# OBRAS HIDRAULICAS - INGENIERIA DEL AGUA > Canales >  Real Canal del Manzanares: Infografía de la Quinta Esclusa

## NoRegistrado

Adif ha colaborado en la realización de ésta infografía de un olvidado e histórico Canal del Manzanares, efímero sueño real de conectar Madrid con Lisboa por vía fluvial. Se realizaron unos 30 km, quedando hoy milagrosamente bastantes restos arqueológicos del mismo entre basureros, escombreras, incineradoras, macropoblados de la droga, etc...
La verdad es que es preciosa y muy explicativa.




Saludos. Miguel

----------


## NoRegistrado

Viendo la fotogrametría se entiende mucho mejor y se puede ver el estado real.





Saludos. Miguel-

----------


## frfmfrfm

Bonitos vídeos Miguel, hay que ver la imaginaron de los hombres a donde puede llegar.
Un saludo, Francisco.

----------


## NoRegistrado

Gracias Francisco, es muy interesante.
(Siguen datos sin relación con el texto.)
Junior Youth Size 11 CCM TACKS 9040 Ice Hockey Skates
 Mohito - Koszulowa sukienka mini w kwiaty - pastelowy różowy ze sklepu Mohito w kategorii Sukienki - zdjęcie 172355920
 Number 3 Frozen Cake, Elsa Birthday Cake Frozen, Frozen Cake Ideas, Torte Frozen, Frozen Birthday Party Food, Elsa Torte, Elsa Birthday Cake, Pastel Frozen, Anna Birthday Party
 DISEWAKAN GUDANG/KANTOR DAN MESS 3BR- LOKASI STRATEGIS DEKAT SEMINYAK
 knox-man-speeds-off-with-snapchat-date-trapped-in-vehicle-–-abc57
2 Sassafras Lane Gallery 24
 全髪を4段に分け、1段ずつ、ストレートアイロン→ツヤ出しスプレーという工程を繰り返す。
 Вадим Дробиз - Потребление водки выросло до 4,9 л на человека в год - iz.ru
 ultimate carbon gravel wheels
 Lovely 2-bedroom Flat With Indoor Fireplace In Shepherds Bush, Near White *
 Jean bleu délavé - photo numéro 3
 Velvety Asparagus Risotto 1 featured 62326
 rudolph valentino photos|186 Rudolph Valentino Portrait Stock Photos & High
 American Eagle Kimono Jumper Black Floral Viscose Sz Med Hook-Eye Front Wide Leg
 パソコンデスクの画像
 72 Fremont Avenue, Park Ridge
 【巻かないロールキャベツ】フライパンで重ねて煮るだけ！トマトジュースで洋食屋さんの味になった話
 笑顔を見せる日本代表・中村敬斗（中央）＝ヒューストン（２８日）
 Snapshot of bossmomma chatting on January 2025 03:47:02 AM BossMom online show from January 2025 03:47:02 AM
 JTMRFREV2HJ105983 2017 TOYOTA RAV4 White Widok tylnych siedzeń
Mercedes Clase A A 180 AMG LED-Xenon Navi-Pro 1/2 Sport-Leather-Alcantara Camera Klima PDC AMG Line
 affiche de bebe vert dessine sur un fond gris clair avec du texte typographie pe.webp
Yo sabía que había algo, pero siempre pensé que era un canal de riego, no algo tan importante como esto.
Por desgracias, está abandonado.
Ahora tiene sentido, por ejemplo el nombre del Paseo de Yeserías, que en donde estaba la dársena de las barcazas y donde se recibía el yeso de la zona baja del Manzanares.
Hay muchas curiosidades, como que las moreras que plantaron alrededor del cauce sirvieron para criar los gusanos que abastecían a la Real Fábrica de Tapices, que el establecimiento del ferrocarril fue la causa de su abandono, y los grandes proyectos de abastecimiento del Canal desde el Guadarrama y el Jarama.

Aquí vienen gran parte delos temas sobre el Canal.

http://realcanaldemanzanares.es/

Saludos. Miguel

----------